I have finally finished my exams and am traveling home for Christmas, so I now have time to write and climb again! A few months ago I put up a couple of posts regarding core and upper-body training. To complete the set I will be talking about technique training at some point, but first, finger and forearm training. Enjoy.
The Missing Link
One of the unique things about climbing that differentiates it from almost all other sports, is that it requires a lot of finger strength. When climbing, and especially when bouldering, finger and forearm strength become major limiting factors. I have done introductory/training sessions with many fit people, but along with technique, the big difference between beginners and more seasoned climbers is their finger strength. Climbers’ fingers (and toes) are like the wheels of a car; they are our contact points with the rock and if they break we are pretty stuck. The reason climbers go on about their skin so much, which sounds pretty weird to most non-climbers, is that skin is like the tyres of our metaphorical car. Worn out tyres means less grip and a whole lot more pain.
In the Beginning
Now, I don’t want to come across as overly-cautious. But, as a general guideline most climbing centres advise that beginners shouldn’t touch a fingerboard for at least the first 6-18 months, depending on how often you climb. As a beginner the last thing you need to be worrying about is hanging off small edges to seek out improvement. The best thing for you to be doing is climbing, as much as you can, on as many varied terrains as you can and with as many people/coaches as you can. Just the act of climbing will be a far better use of your time to improve in all areas and stimulate your fingers to adapt to new stresses. As well as this, most under 18 year olds (unless training at the top level perhaps) definitely shouldn’t worry about using hang boards. Partly for the same reasons as beginners, but partly because the bones and tendons in the fingers are more susceptible to injury caused by the intensive loading from this sort of training. There is nothing wrong with having a go and seeing what you can do as a beginner.
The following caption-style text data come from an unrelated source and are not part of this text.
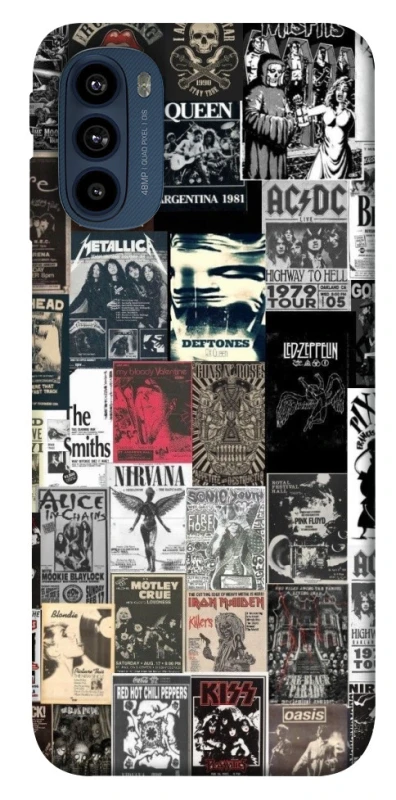 Чохол на Motorola Moto G41 My playlist ver.5 фото 1 з 1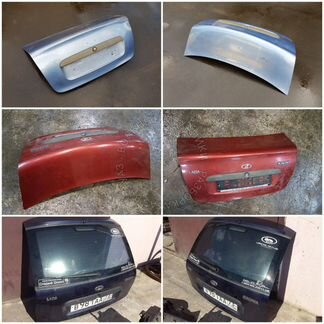 Крышка багажника на Калину. Ваз разборка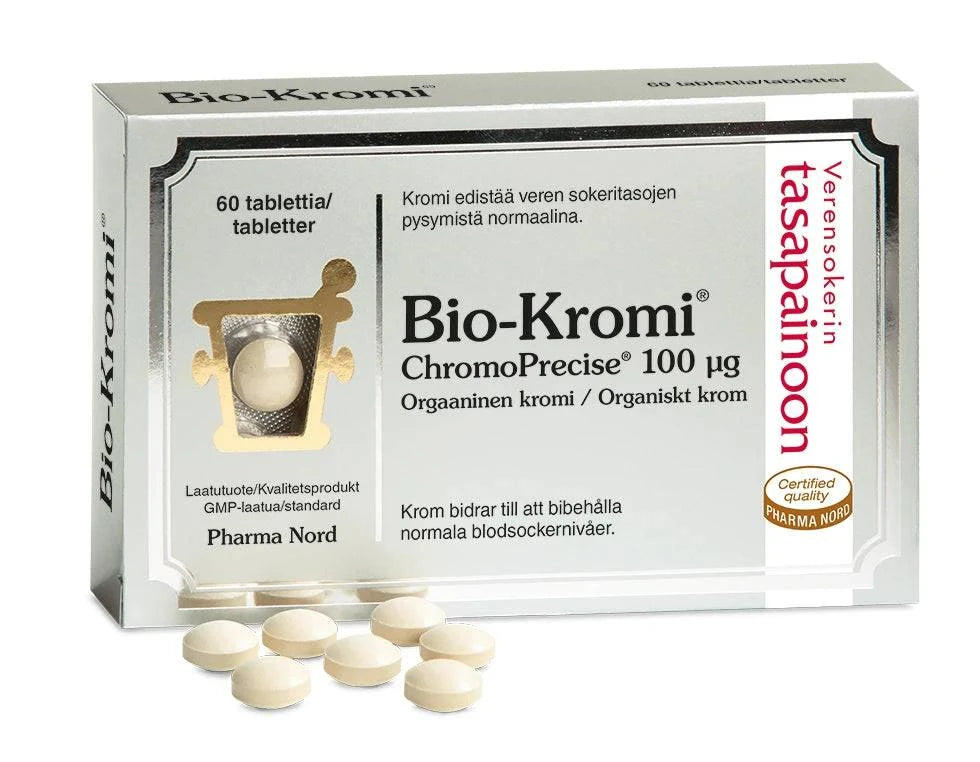 Pharma Nord Bio-Kromi ChromoPrecise 100 µg 60 tabl. - integratoridirecthub.com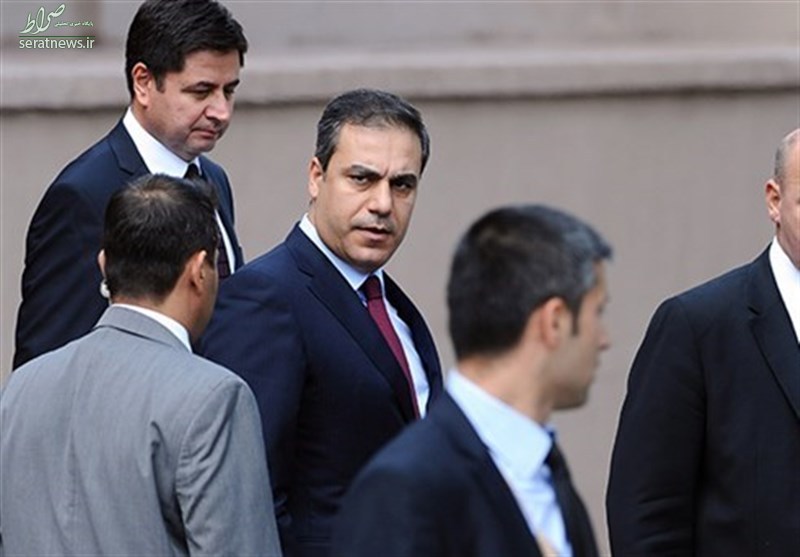 دیدار سردار قاآنی با رئیس سرویس اطلاعات ترکیه؟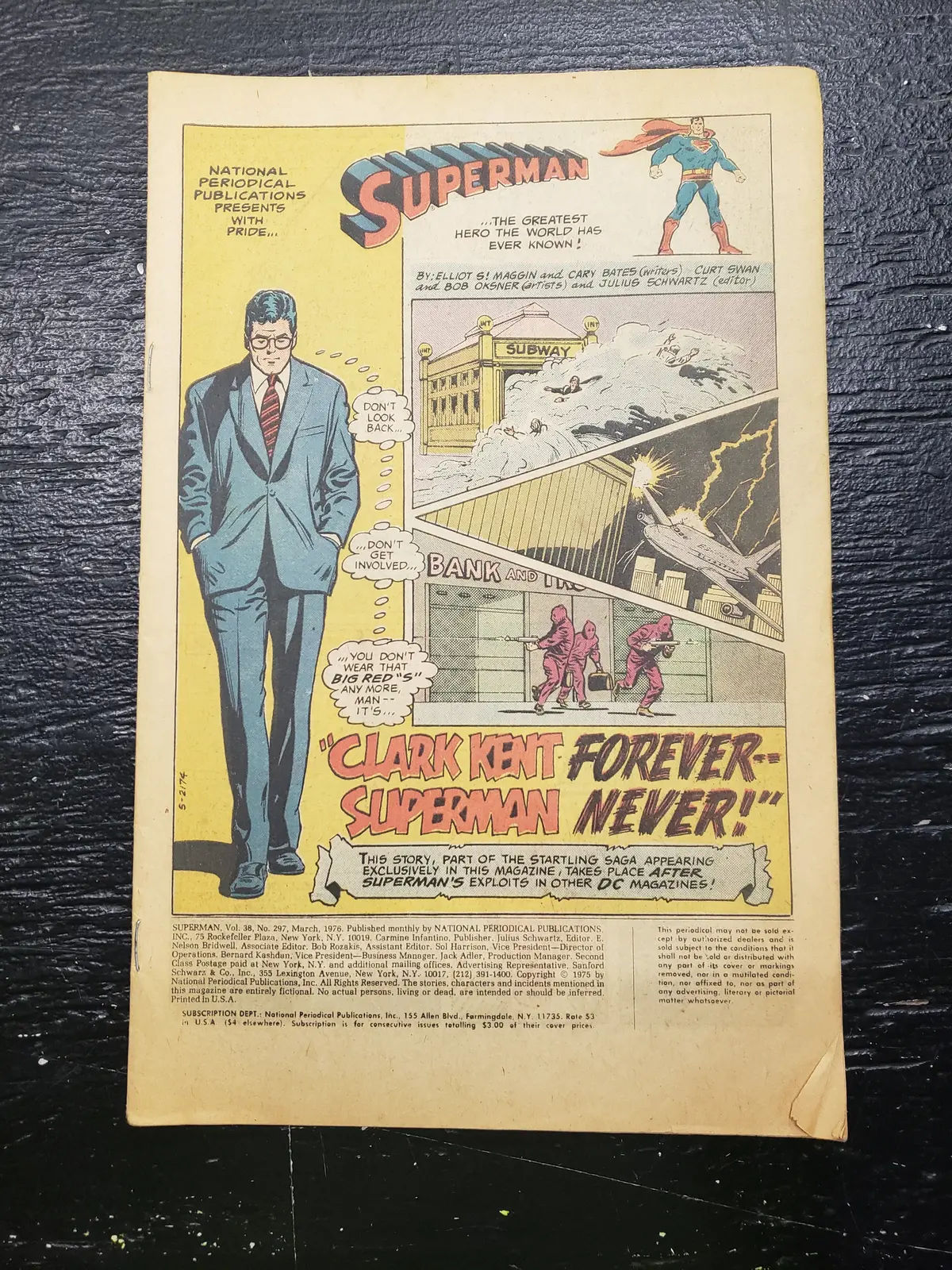 Superman (Vol 1) #297 Fr 1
I would just advise taking things slowly and working well within your limitations, until you are experienced enough to use hang boards as a safe and effective tool when you really need it.
The primary aim when using a fingerboard is improving your finger strength, and to a lesser extent endurance, depending on how you use it. I also like to incorporate training tools like Lapis Balls into my hang board sessions to give my forearms and pinch grip a more solid and all-round work out. Find a grip on the board which you can hang on for between 5-10 seconds. Any less than 5 seconds and it’s probably too hard, more than 10 and it might be too easy. For example, I would try using all fingers on both hands, with an open handed grip, in a deep edge as a starting point. Personally I only ever use open handed or half-crimp grips on a board. Full crimping is very intense. It’s far more likely to cause injury and most people already use it enough in real climbing. Importantly, when using a board, don’t ‘drop’ onto the hold. Ease your weight onto the hold over the course of a second or so, and definitely don’t ‘ping’ suddenly off of a hold (you will probably give yourself an injury). Take your weight and then let go. To be clear, campus boards are slightly different as they provide a more dynamic upper-body work out and are better suited to improving contact strength. They are also a lot harder to fit in most people houses!
When? How long?
I normally use my hang board when I can’t get as much real climbing in as I want for short periods, or as part of a brief training program in addition to my climbing. It’s a great tool to measure specific improvements which can then be translated back onto the wall. I give myself short and progressive routines which I can put a lot of energy into for a few weeks at the most, and then take a break to do something else/recover. Choose a few grips that you can hold relatively comfortably for up to 10 seconds and then give yourself some structure. For example, my current routine uses four different grips (alternating between small edges (for finger strength) and sloper/pinch type holds (for forearm-pump) like so:
(10sec hang X 15 sec rest on grip one) X 6 repetitions
This is followed by 2 minutes solid rest and then repeated for my three other grip types.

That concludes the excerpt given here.